Many of Satoshi Nakamoto’s original coins are still “stored in this address” type. Anyone can obtain the public key from a P2PK address. The private key could then be derived from these public keys using a quantum computer. This would allow a quantum computing attacker to spend the money associated with that address.

Attack vector 1b - Re-used Bitcoin addresses (2010 onwards - P2PKH)

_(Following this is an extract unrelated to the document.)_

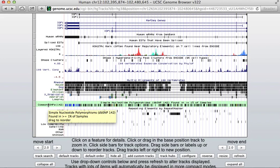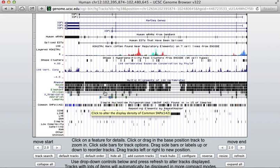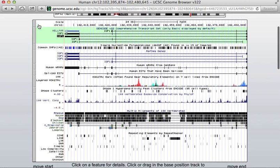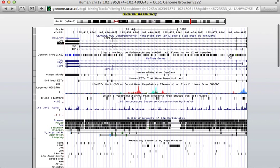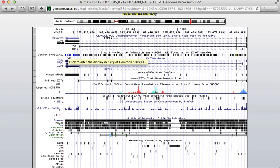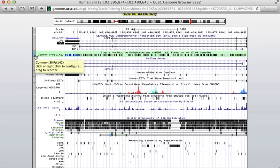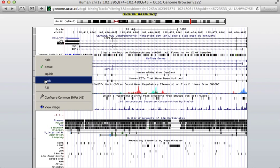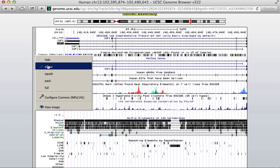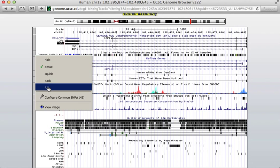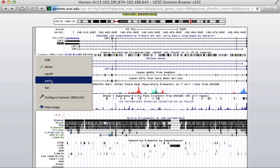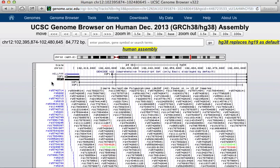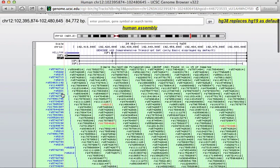Let's say I want to look at the SNPs in this gene. Right now the SNPs track is sort of far away from where the exons are. I can just click it and move it up — drag it up — so that I can see how it overlays more closely. Right now it's in a very dense view, so I can't see individual SNPs. But I can hold down the control key and click on this left-hand bar, and I can expand it to the pack view. This goes from invisible to very dense to very lots of information, and now I can see each individual SNP.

The public key is not immediately revealed by the address with ‘pay to public key hash’ (P2PKH), introduced in 2010, but hidden behind two cryptographic hashes.23

It is only exposed when the owner initiates a transaction. The majority of coins have been held in this form of address. This means that the public key is unknown, and a quantum computer cannot calculate the private key if funds have never been moved from a P2PKH address. Today, most Bitcoin wallets are programmed to avoid address re-use as much as possible. Always using fresh addresses is already the suggested best practice in Bitcoin, but this is not always followed.

Any address that has Bitcoin and for which the public key has been revealed is potentially insecure in the presence of a quantum computer.24

Since 2014, the number of Bitcoins kept in re-used P2PKH addresses has steadily decreased. Estimates put the total amount of Bitcoins potentially vulnerable to a quantum attack between 3,925 to 4 million (~21% of current supply).26

Attack vector 1c - Unprocessed transactions

The common issue that cryptocurrencies have is the need to disclose the public key and signature to execute the unlocking script to prove ownership and move funds.27 When a user spends Bitcoin, they are broadcasting their public key to the network. All information a quantum computer needs to fully impersonate the owner of an address has been revealed by initiating the transaction.28 A quantum attack can occur after a transaction has been broadcast to the network but before it has been written on the blockchain.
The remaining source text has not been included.